THE TASK:
Pictures excluded, output exactly the lines from the one containing "Combo NAVIDAD Tripatin" through the last line of the listing below.

DATA IN THIS EXERCISE:
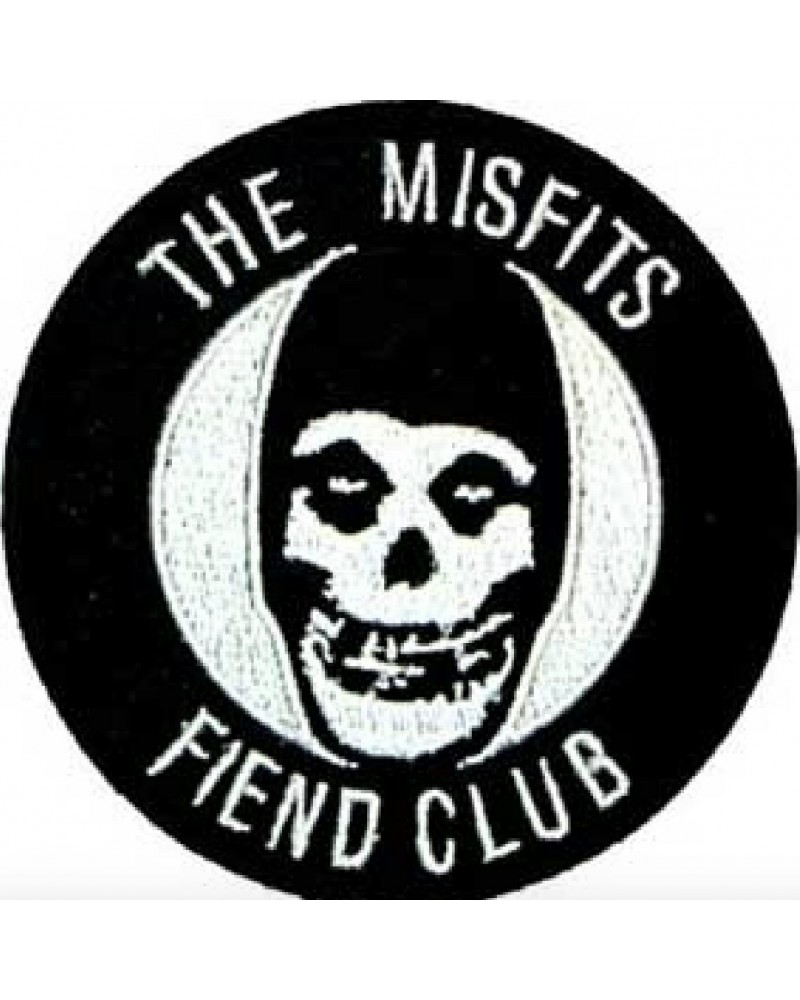 $2.28 Misfits "Fiend Club" Patch Accessories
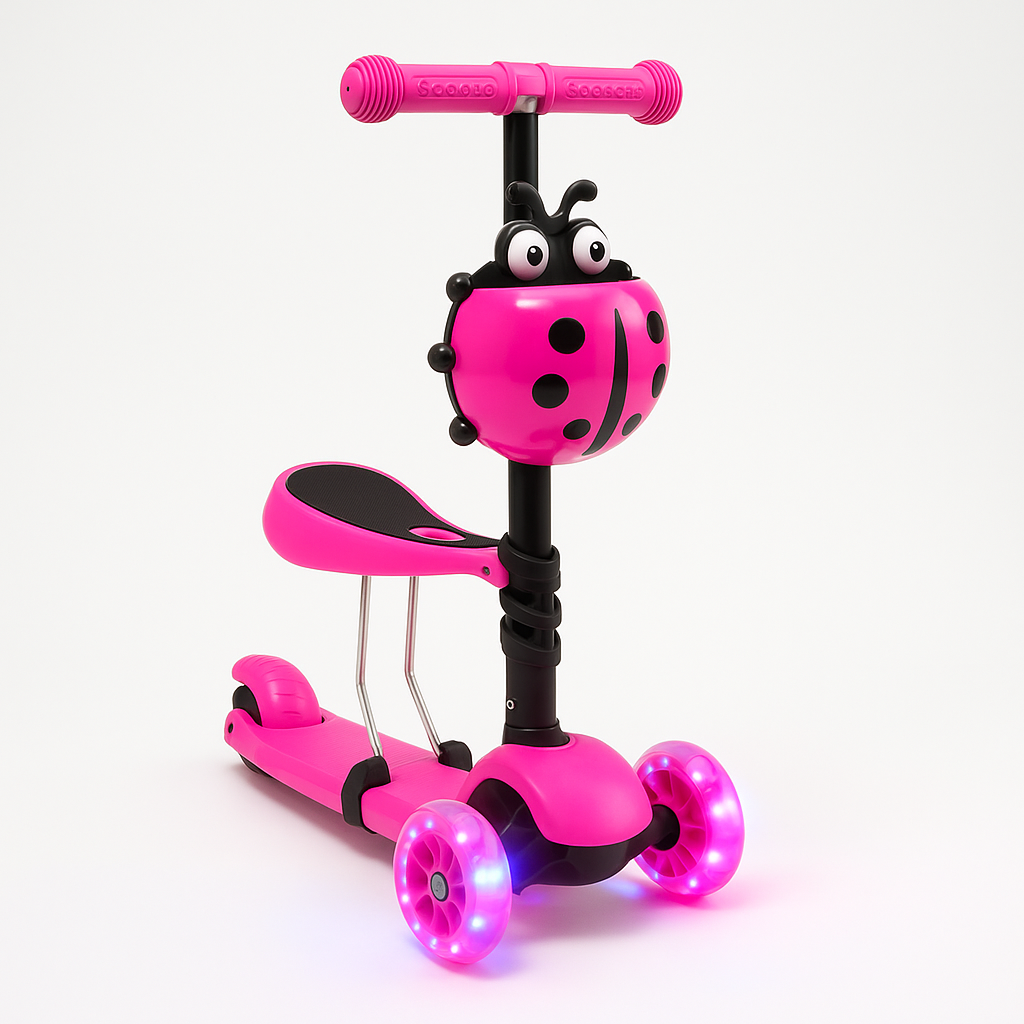 Combo NAVIDAD Tripatin Infantil Con Luz Led + SET de Seguridad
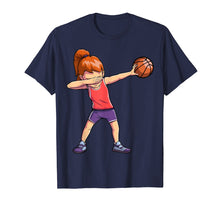 Ladda upp bild till gallerivisning, Funny shirts V-neck Tank top Hoodie sweatshirt usa uk au ca gifts for Dabbing Basketball T Shirt Girl Dab Dance T-shirt Gifts Tees 1527122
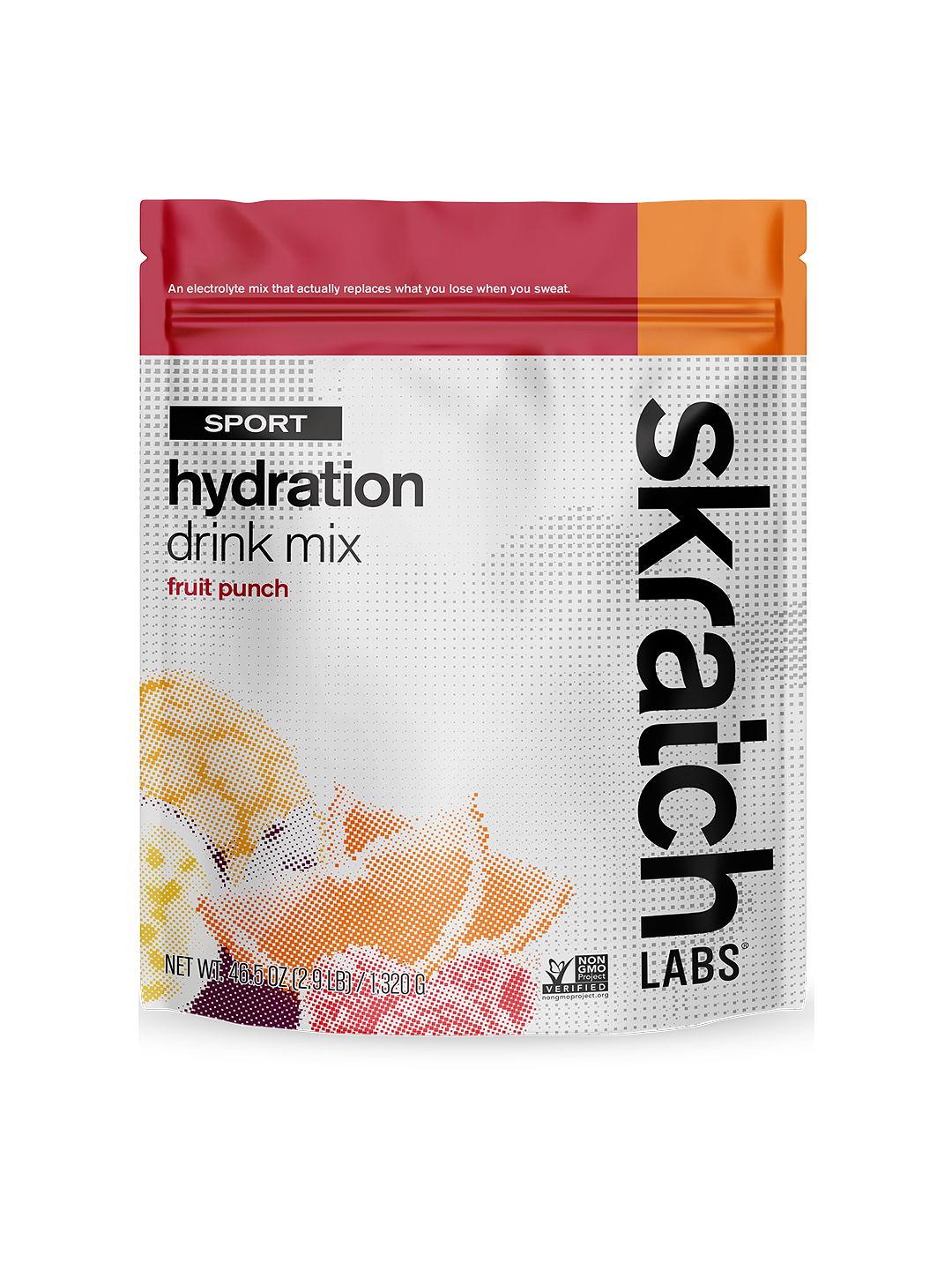 Supplement Skratch Sport Hydration Fruit Punch 3lb Bag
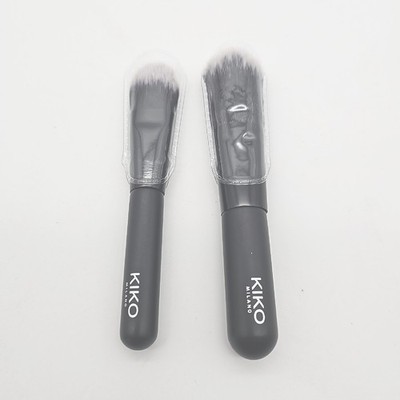KIKO Milano Pinsel-Set 5 professionelle Pinsel Reise Schwarz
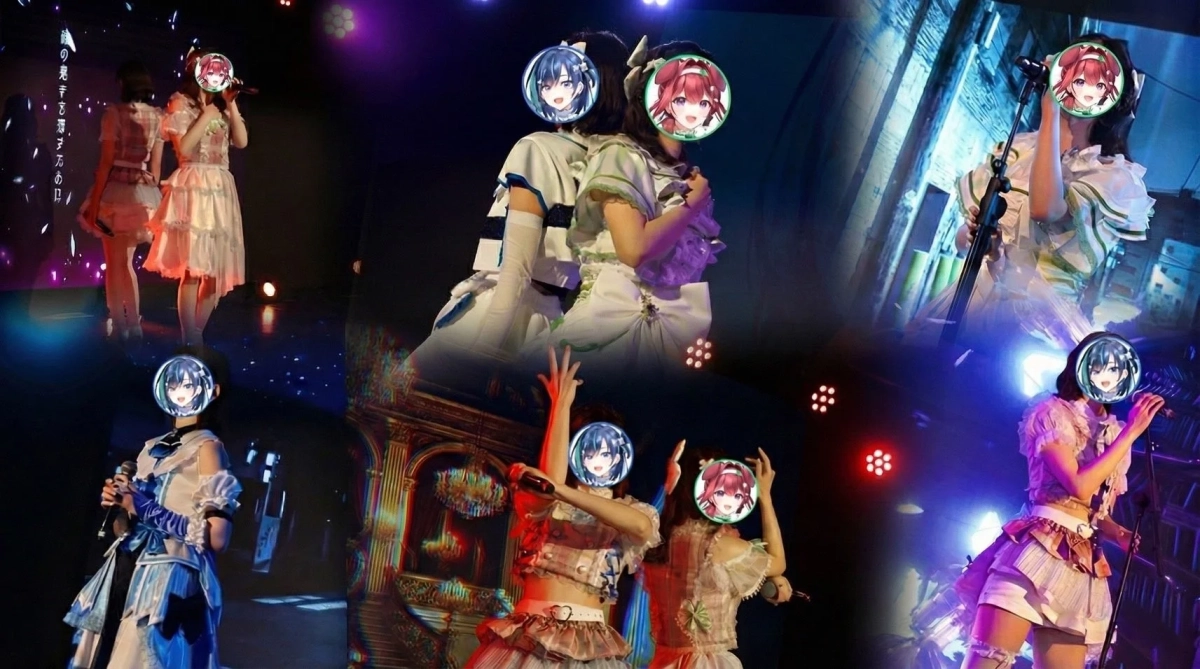 ライブステージの様子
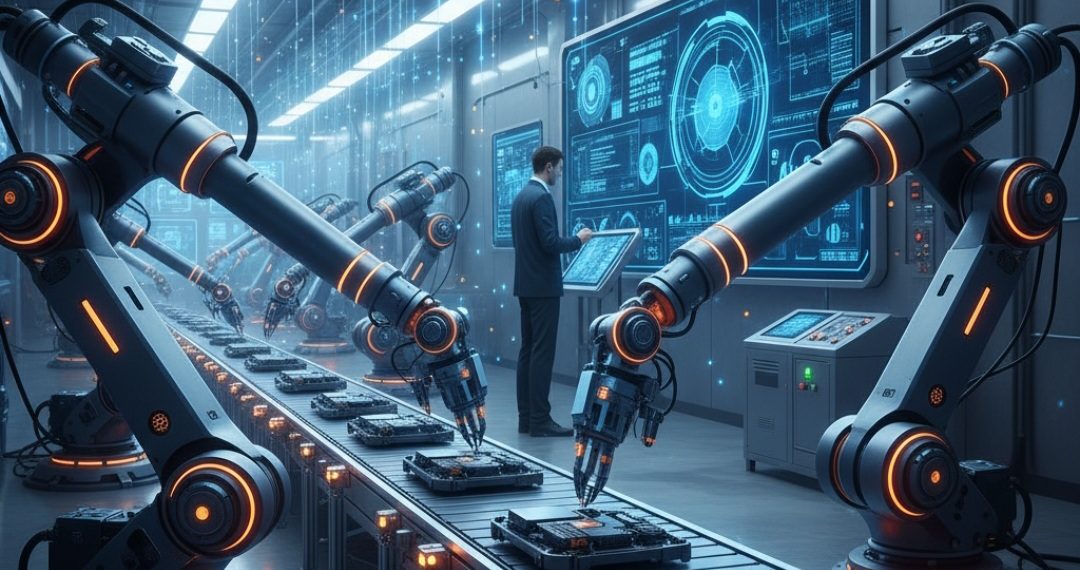 Revolusi Otomasi: Kunci Efisiensi Produksi di Era Modern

RESPONSE BELOW:
 Combo NAVIDAD Tripatin Infantil Con Luz Led + SET de Seguridad
 Ladda upp bild till gallerivisning, Funny shirts V-neck Tank top Hoodie sweatshirt usa uk au ca gifts for Dabbing Basketball T Shirt Girl Dab Dance T-shirt Gifts Tees 1527122
 Supplement Skratch Sport Hydration Fruit Punch 3lb Bag
KIKO Milano Pinsel-Set 5 professionelle Pinsel Reise Schwarz
 ライブステージの様子
 Revolusi Otomasi: Kunci Efisiensi Produksi di Era Modern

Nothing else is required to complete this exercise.